Gesichtsvisier So viel Schutz bieten Gesichtsvisiere vor Coronaviren

Gesund durch die Corona-Krise Ein transparentes Gesichtsvisier soll besser vor Corona schützen. Woran du ein gutes erkennst und wie du es richtig anwendest und pflegst

Textilmasken sind hierzulande immer noch neu und für viele ungewohnt oder sogar befremdlich. Und viele wünschen sich endlich ein wenig Normalität und ein bisschen Unbeschwertheit zurück. Könnten transparente Gesichtsvisiere da nicht einen guten Kompromiss darstellen?

Die kurze Antwort: Jein. Für die lange Antwort haben wir mit einem Arzt und einem Hersteller solcher Visiere gesprochen.
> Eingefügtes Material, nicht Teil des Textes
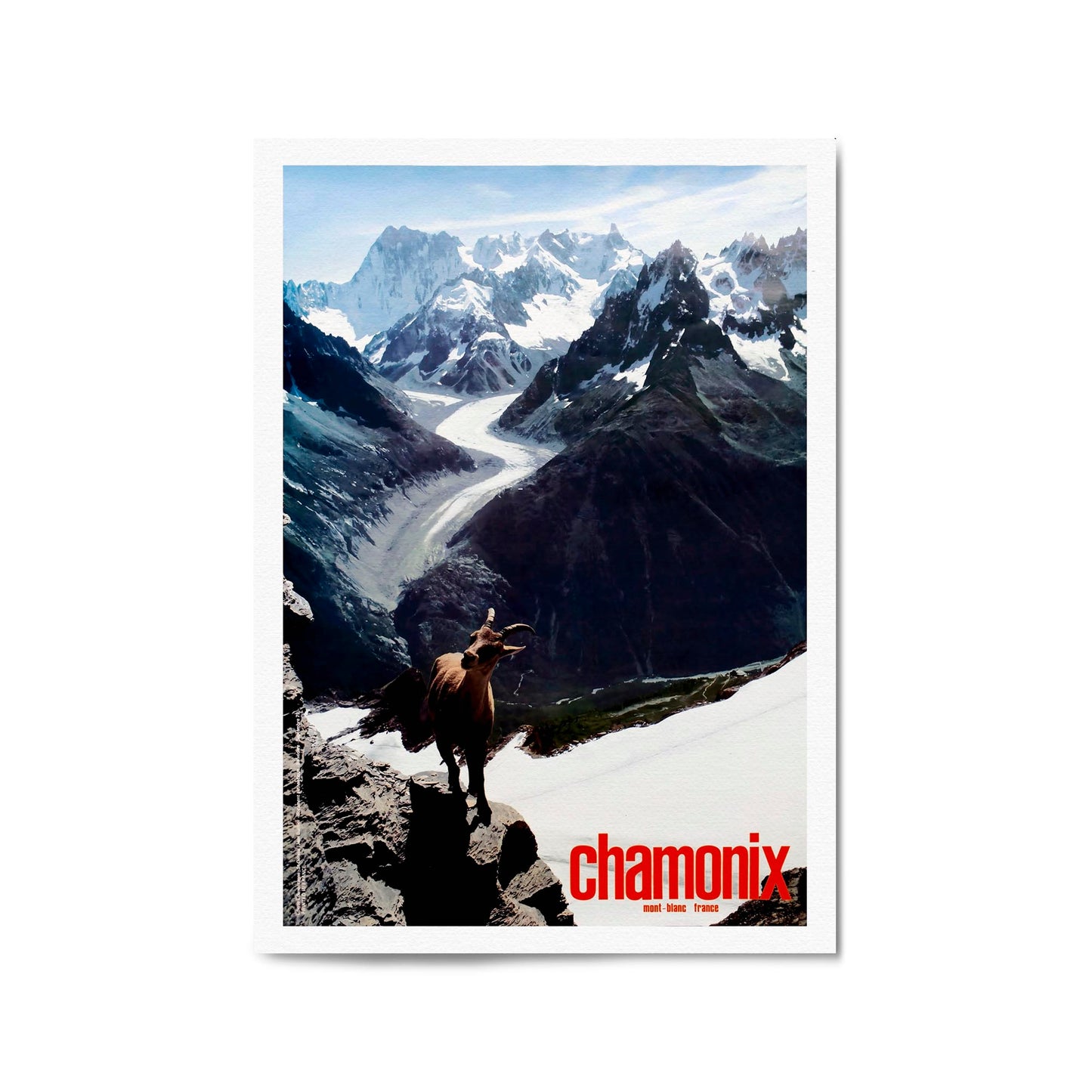 Chamonix, France - Majestic Mountain Range and Glacier | Framed Vintage Travel Poster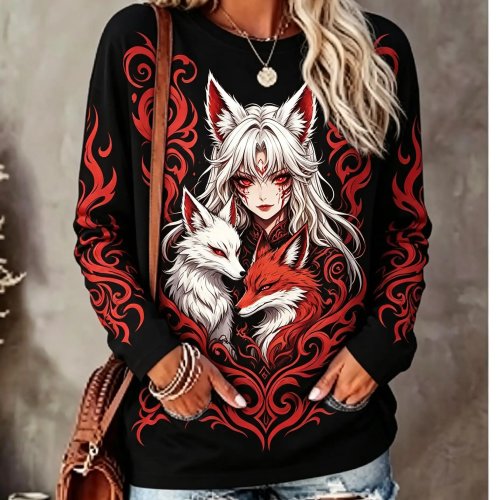 T-shirt de Manga Longa para Mulher Estampa Gótica Deusa Raposa de Nove Caudas Fantasia Sombria Roxo Decote Redondo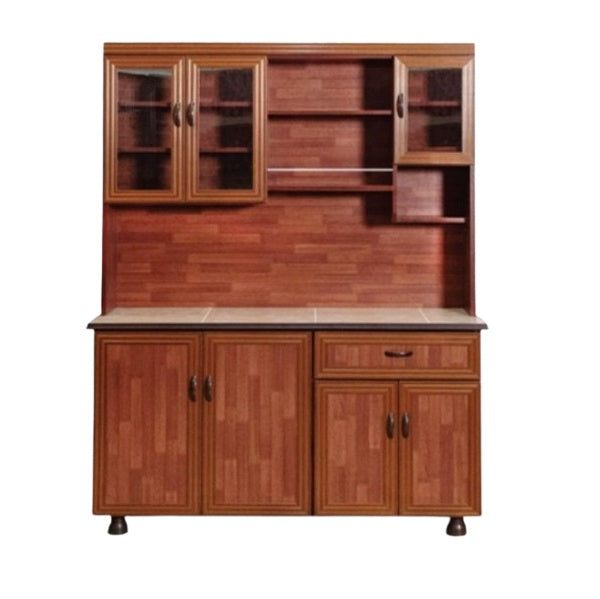 A brown cabinet featuring both doors and drawers, showcasing a classic design suitable for various interiors.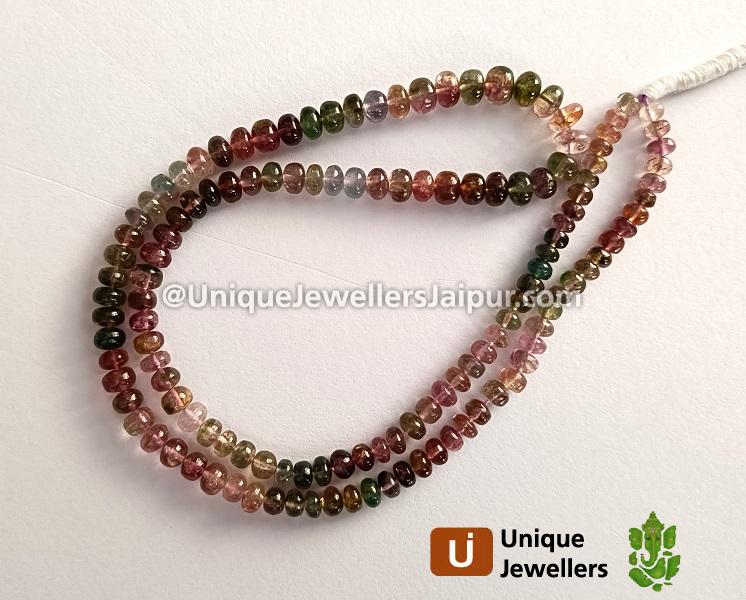 Bi Color Tourmaline Smooth Roundelle Beads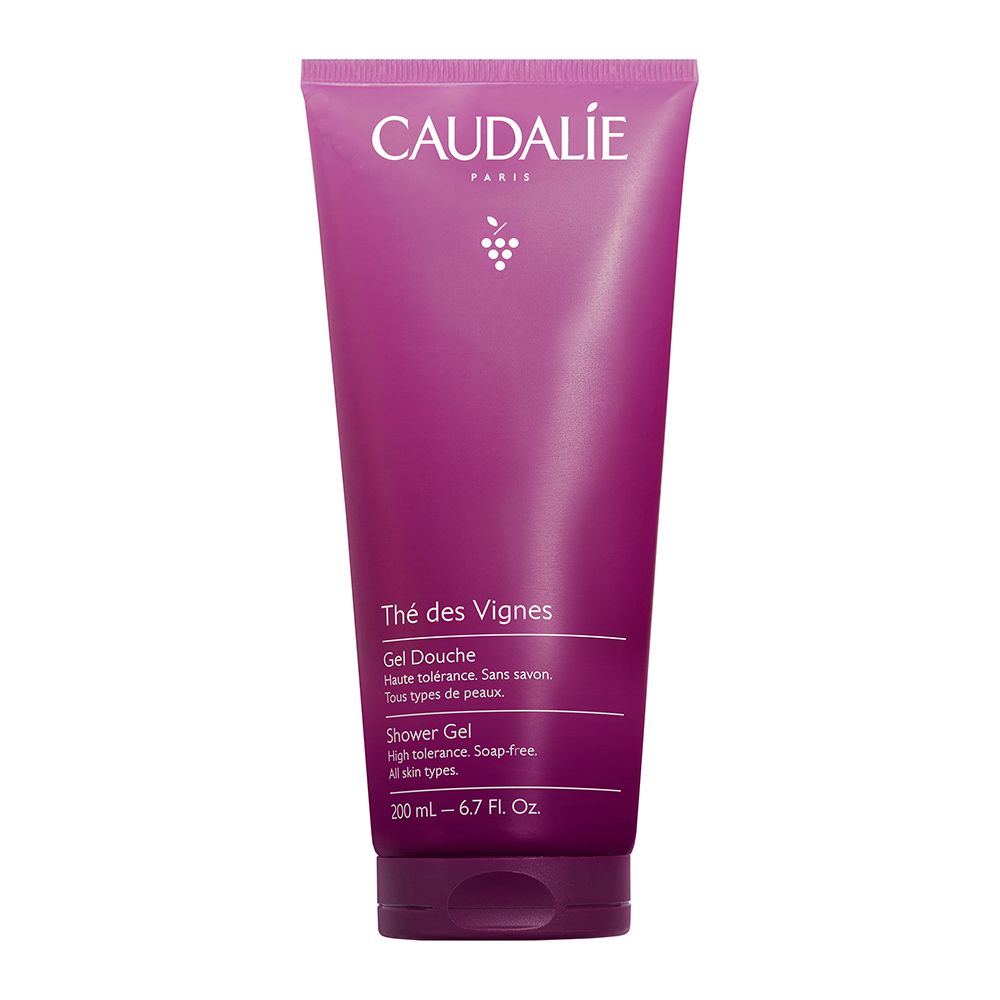 Lila Caudalie Duschgel-Tube mit 200 ml Inhalt. Beschriftung: Thé des Vignes, Shower Gel, High tolerance, Soap-free.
Sie erklären uns, wie viel die Visiere bringen und was man bei der Benutzung beachten muss.

Wie ist ein Gesichtsvisier aufgebaut?

So ein Visier ist denkbar simpel: "Es besteht aus einem Stirnreif mit einem flexiblen Band für den Kopf, und dem eigentlichen Visier, eine transparente Folie, die meist aus PET besteht", beschreibt Dominik Wilming von der Initiative Vechta gegen Corona, die Gesichtsvisiere gegen Covid19 produziert. PET ist das gleiche Material, das zum Beispiel aus bei Pfandflaschen eingesetzt wird. Bei einigen Modellen liegt die Folie an der Stirn an, bei anderen ist zwischen Kopf und Folie noch ein extra Bogen, damit du es bequemer tragen kannst. Die Folie liegt unten und seitlich nicht an, sondern ist offen, damit die Atemluft dort entlang fließen kann.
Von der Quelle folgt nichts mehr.